Rain began to fall in the second half, and both sides struggled to generate offense.

With just under five minutes left to play, Bledsoe subbed in as a midfielder, allowing all eight seniors to be on the field together for the last time.

Just a minute later, Berg placed a pass from Siegelman over diving goalie Rachel Ames.

But with a little more than a minute left in the game, Yale forward Juliann Jeffrey chipped in her team’s first score of the afternoon, kicking the ball beyond Barrett’s outstretched hands.

As the Bulldogs scrambled to score an equalizer, Bruno’s seniors grouped together for one last defensive stand, successfully keeping the ball away from their opponents as the final seconds passed by.

“It means a lot to win this game,” Siegelman said. “We’re such a close class, and such a close team. We wanted to make our senior year as strong as possible, and that’s how we finished.”

Pincince complimented his graduating group of players, saying that they had been “amazing from the day they came in.”

“We knew we had something special with this recruiting class,” Pincince said. “They have been the mainstay the last four years here and have been able to adjust to all the changes we made in our program.”

The Bears finish the season with four Ivy wins, the most they have earned in conference play since 2003.

“Having four wins is a big deal for us,” Siegelman said. “We played hard, and there were lots of tough games, but the key is that we learned from that and moved forward every time.”
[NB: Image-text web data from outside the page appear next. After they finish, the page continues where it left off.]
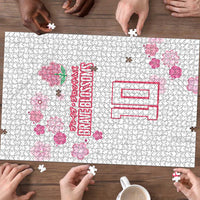 Custom Rugby Japan Puzzle The Champion Brave Blossoms White Color - Wonder Print Shop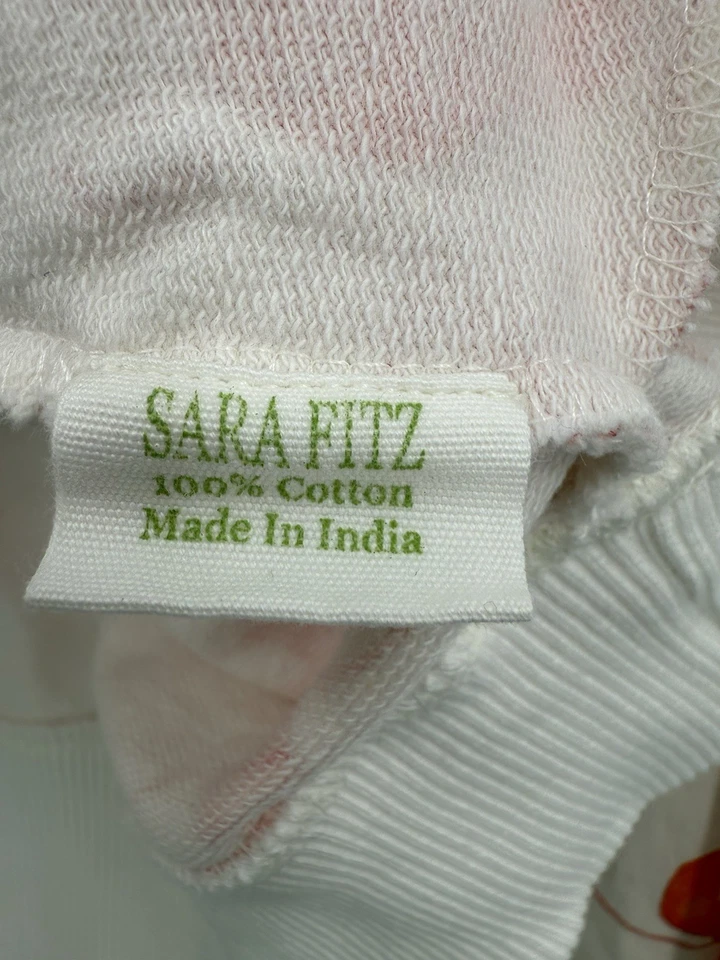 Suéter Sara Fitz Mujer Pequeño Langostas Costero Náutico Preppy Acogedor Algodón Foto 4 de 4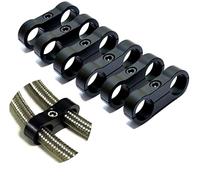 Huarumei 8Pcs Non-Slip Snow Chains for Cars, Quick Assembly with Tensioner - Rear Drive - Universal Self-Tightening for Car SUV Truck - 215 225 235 245 255 265 405060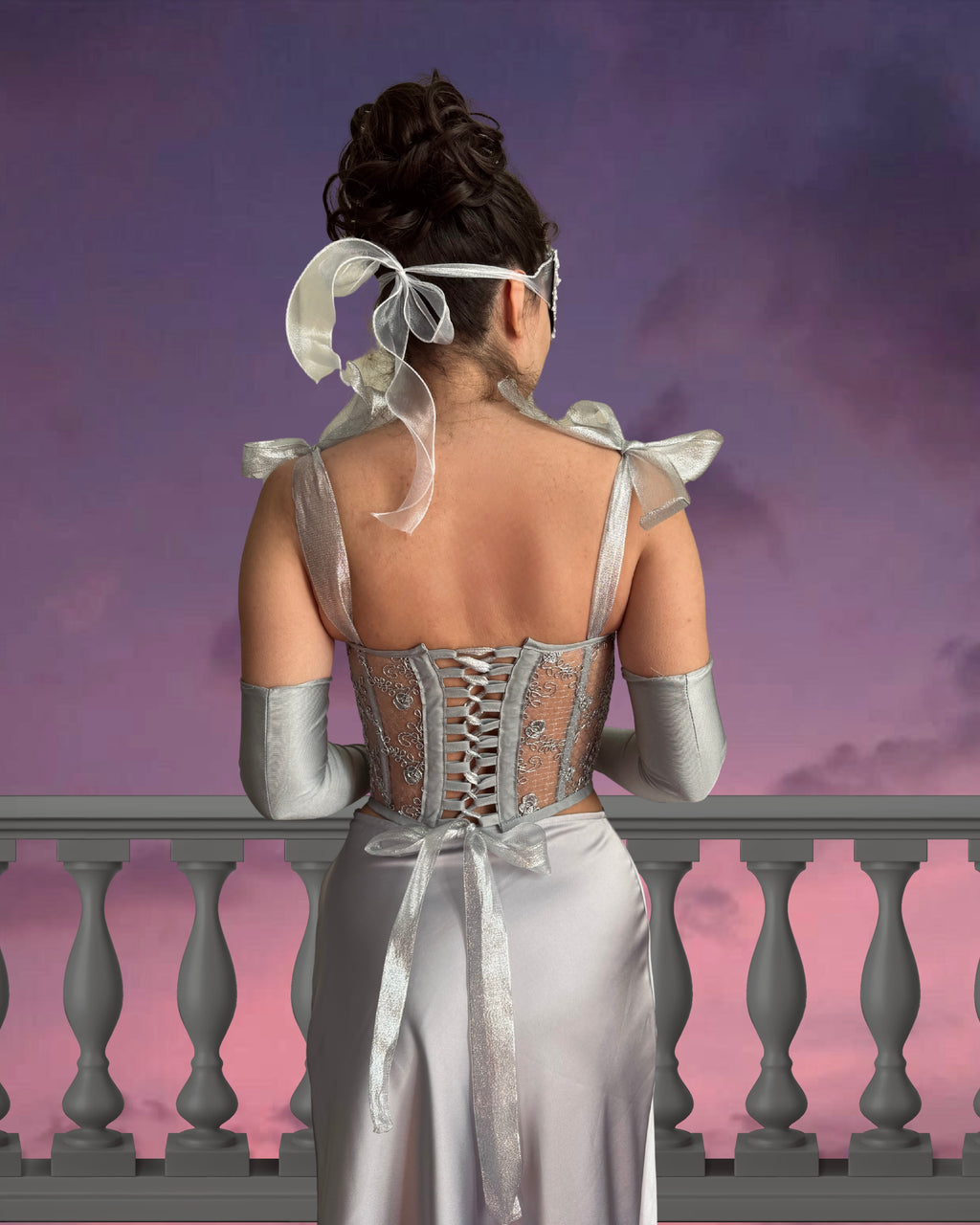Silver Lady Bustier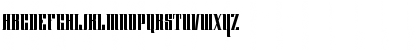 Download CyberGothic DEMO Regular Font Uppercase Preview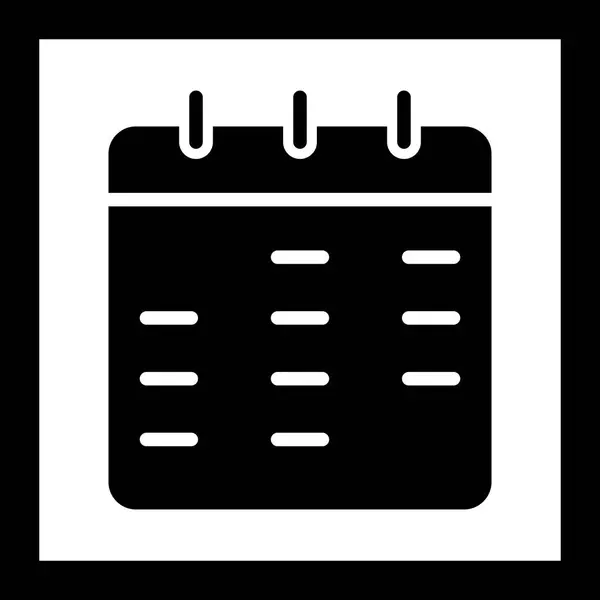 Illustrazione Calendario Icona — Foto Stock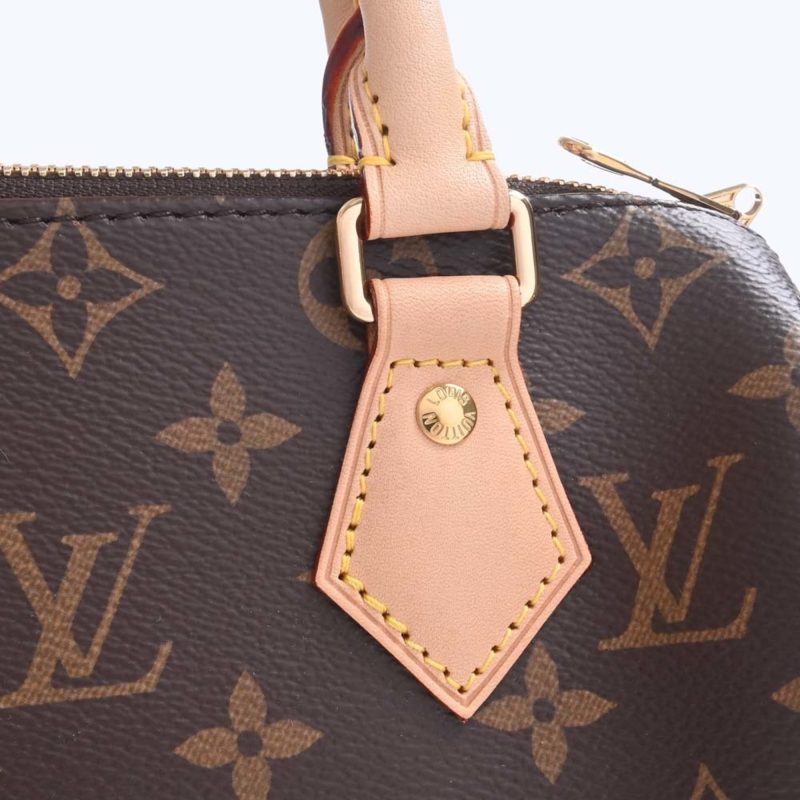 LOUIS VUITTON Monogram Speedy Bandouliere 20 Handbag M45957 Brown Women's - Image 9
The Bears’ third-place finish brings them up four spots from last year, when they finished second to last in the Ivy League.

“We’re really proud to have left our mark,” Barrett said. “For most of us, this isn’t just the end of our college career but the end of our competitive soccer careers altogether, and we’re happy about how we responded to accomplish something that hasn’t been done for a really long time.”